** Opening SUPPLIED INFORMATION block **

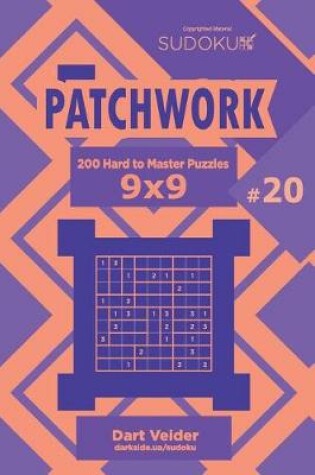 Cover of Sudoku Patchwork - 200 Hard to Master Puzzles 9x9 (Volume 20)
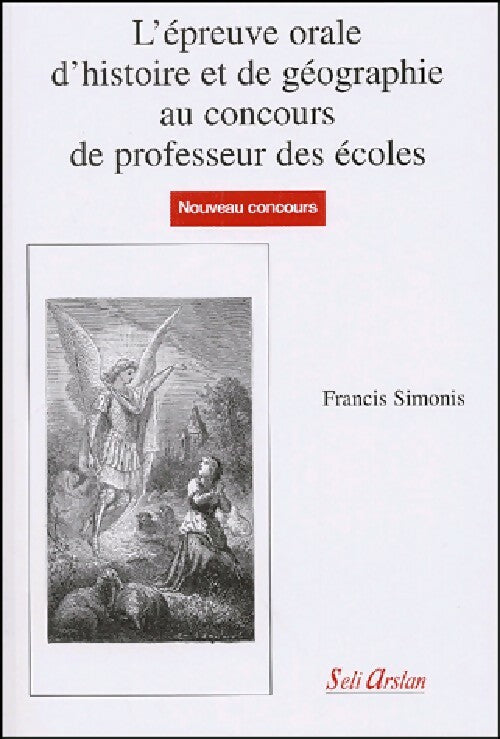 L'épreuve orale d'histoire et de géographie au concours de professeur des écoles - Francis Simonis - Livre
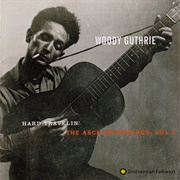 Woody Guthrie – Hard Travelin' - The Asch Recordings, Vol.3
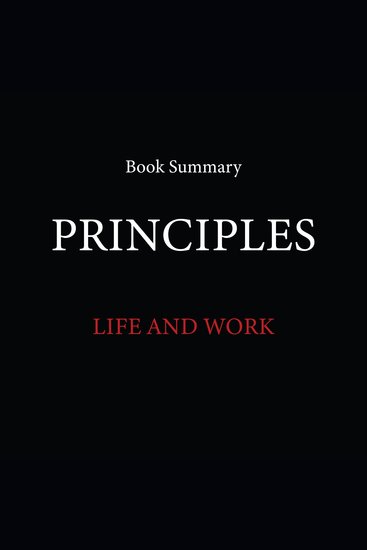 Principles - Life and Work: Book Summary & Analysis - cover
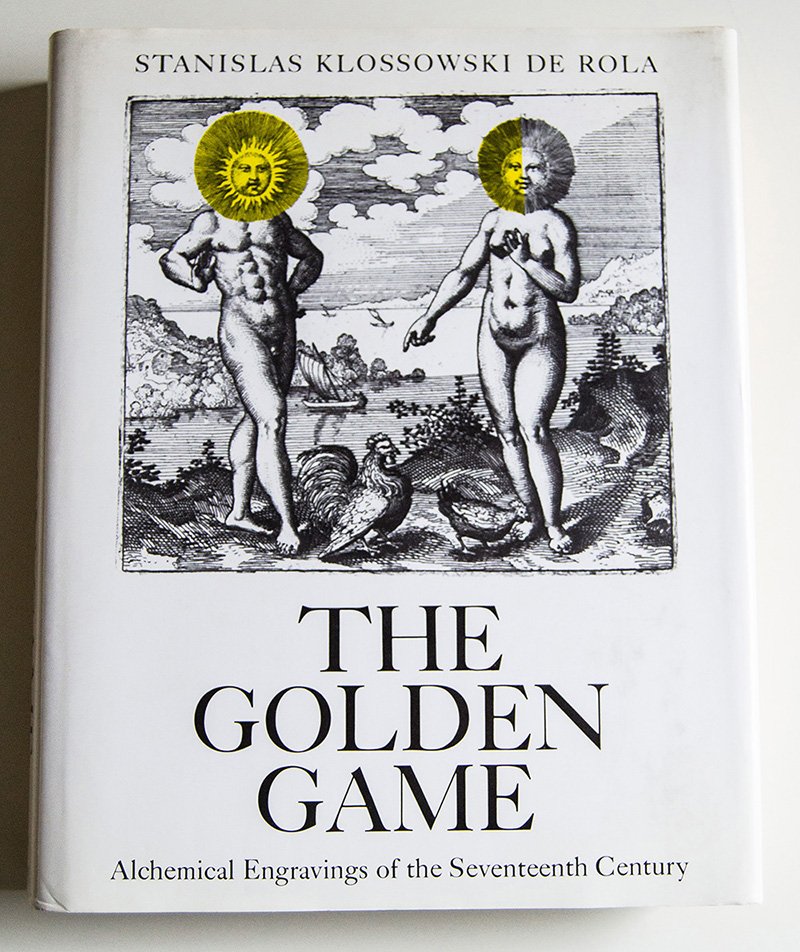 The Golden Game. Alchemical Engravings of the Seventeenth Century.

** Closing SUPPLIED INFORMATION block **
** Opening SUPPLIED INFORMATION block **

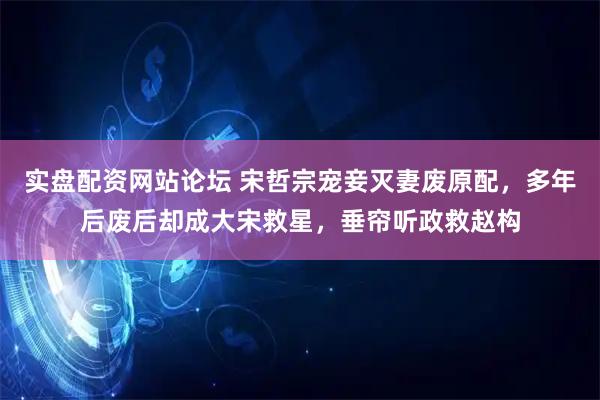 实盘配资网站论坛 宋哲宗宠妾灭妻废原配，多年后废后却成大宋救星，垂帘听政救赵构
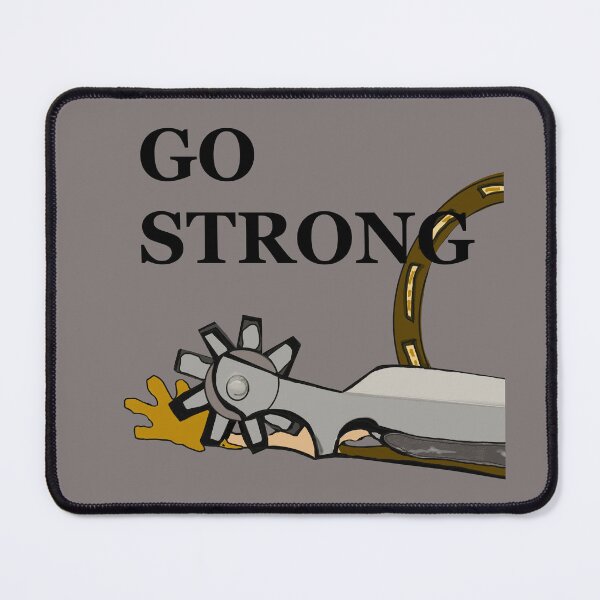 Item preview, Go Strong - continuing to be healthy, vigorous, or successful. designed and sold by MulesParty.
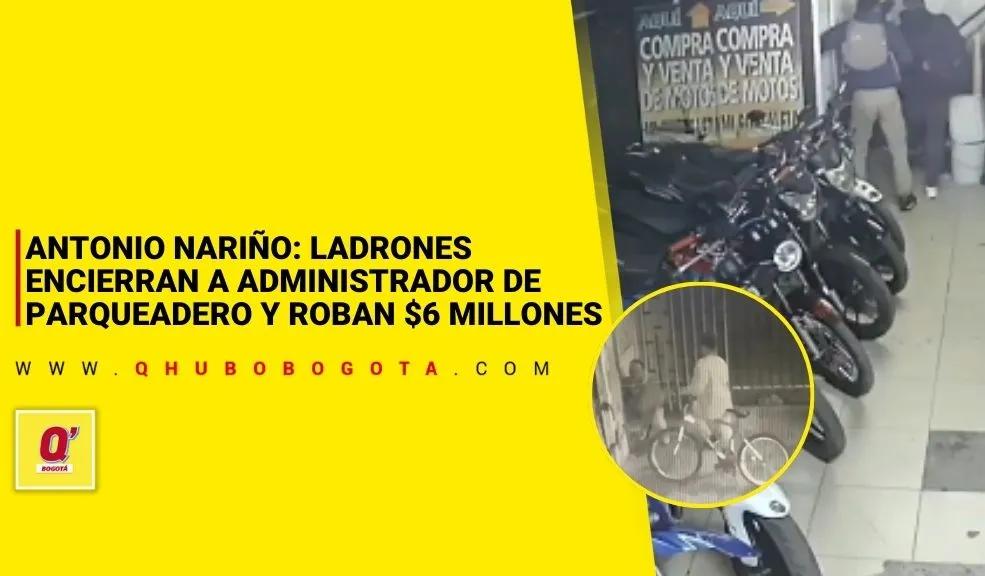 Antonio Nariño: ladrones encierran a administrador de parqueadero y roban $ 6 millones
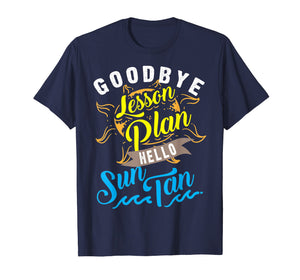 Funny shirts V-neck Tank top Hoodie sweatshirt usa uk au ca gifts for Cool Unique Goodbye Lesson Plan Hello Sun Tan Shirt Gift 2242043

** Closing SUPPLIED INFORMATION block **
** Opening SUPPLIED INFORMATION block **

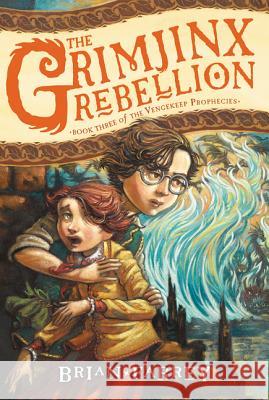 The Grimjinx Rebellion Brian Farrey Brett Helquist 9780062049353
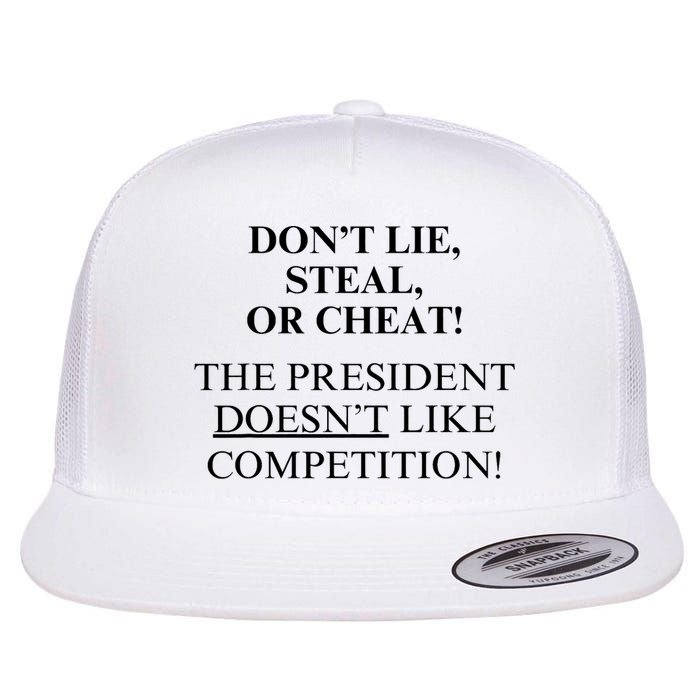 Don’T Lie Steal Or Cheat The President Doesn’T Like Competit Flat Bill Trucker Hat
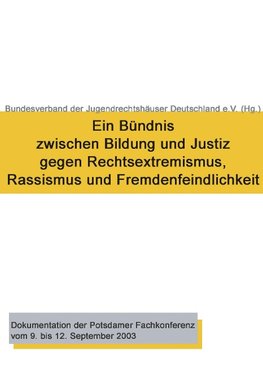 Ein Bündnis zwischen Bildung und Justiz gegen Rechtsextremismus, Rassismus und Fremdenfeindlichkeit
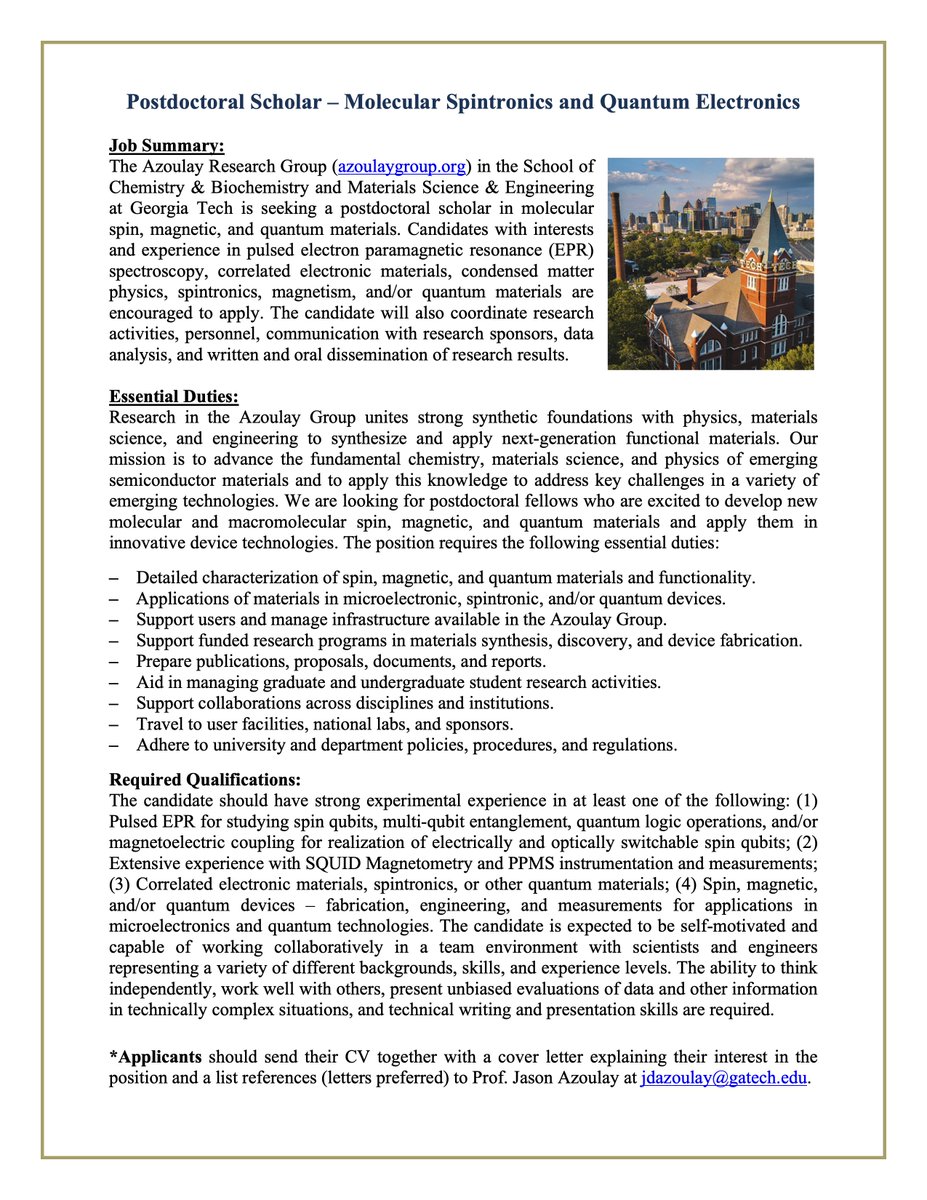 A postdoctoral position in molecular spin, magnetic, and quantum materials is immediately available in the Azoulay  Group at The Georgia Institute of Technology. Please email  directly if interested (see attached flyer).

** Closing SUPPLIED INFORMATION block **

EXERCISE —
Nothing outside the stretch above, from the line with "实盘配资网站论坛 宋哲宗宠妾灭妻废原配，多年后废后却成大宋救星，垂帘听政救赵构" through the line with "Funny shirts V-neck", is set down. Transcribe that stretch exactly, ends included, but not its pictures.

YOUR SOLUTION —
 实盘配资网站论坛 宋哲宗宠妾灭妻废原配，多年后废后却成大宋救星，垂帘听政救赵构
 Item preview, Go Strong - continuing to be healthy, vigorous, or successful. designed and sold by MulesParty.
 Antonio Nariño: ladrones encierran a administrador de parqueadero y roban $ 6 millones
 Funny shirts V-neck Tank top Hoodie sweatshirt usa uk au ca gifts for Cool Unique Goodbye Lesson Plan Hello Sun Tan Shirt Gift 2242043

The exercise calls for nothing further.